A lista de palácios que foram classificados como imitações de Versailles é longa, indo
de Cassera a Washington. O critério adotado na classificação nem sempre é claro. Seja
como for, o Palácio do Sol é apenas parte da imagem de Luís XIV. Por isso talvez seja
mais útil examinar três cortes que consideram Luís exemplar sob mais de um aspecto:
Londres, São Petersburgo e Viena. – pág. 181.

Um grão-duque anterior da Toscana, Cosimo de Medici, foi quase certamente um


modelo para Luís XIV e seus conselheiros. Cosimo, que reinou de 1537 e 1574,
transformou seu ducado em monarquia absoluta em miniatura, governando um Estado
com menos de um vigéssimo da população da França sob Luís XIV. Cosimo era filho
de um capitão mercenário, que foi tomado rei de Florença depois que Alessandro de
Medici foi assassinado sem deixar filhos. Sua falta de legitimidade tornou-o ainda mais
cônscio dos usos políticos das artes na criação de uma boa imagem pública. – pág. 200

Também no Havaí havia uma conexão entre a realeza, a divindade e o Sol. O recurso à
mesma imagem de poder em culturas diferentes não deveria nos surpreender. A
identificação implícita entre a ordem política e a ordem cósmica é um exemplo clássico
da legitimação de determinado conjunto de acordos institucionais através de sua
apresentação como natural, de fato, como o único sistema possível. – pág. 208.

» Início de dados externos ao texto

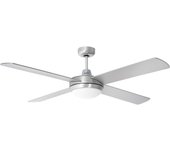 Avant ventilador de techo ventilador de techo con luz | medida 135cm 70watios | 70w color plateado
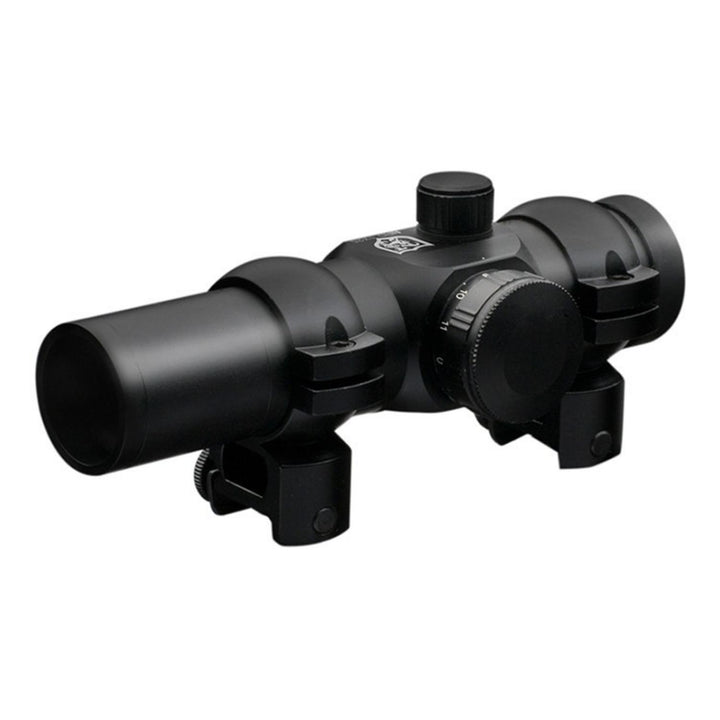 Nikko Stirling Red Dot Sight 25mm 3/8in Mounts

A ilusão de intimidade como o povo é necessária, a conversa ao pé do fogo, os apertos


de Mao intermináveis etc. A dignidade é perigosa, porque implica distância. A ênfase
recai agora sobre o dinamismo, a juventude e a vitalidade. – pág. 213 (sobre a mudança
de paradigma da política moderna e a da época de Luís XIV).
Luís proclamava dever seu poder a Deus, não ao povo. Não precisava cultivar eleitor
nenhum. Seus meios de comunicação não eram de massa. Foi apresentado – de fato,
tinha de sê-lo – como alguém especial, o ungido por Deus, le Dieudonné. O contraste
entre os líderes do século XX não é um contraste entre retórica e verdade. É um
contraste entre dois estilos de retórica. – Pág. 213.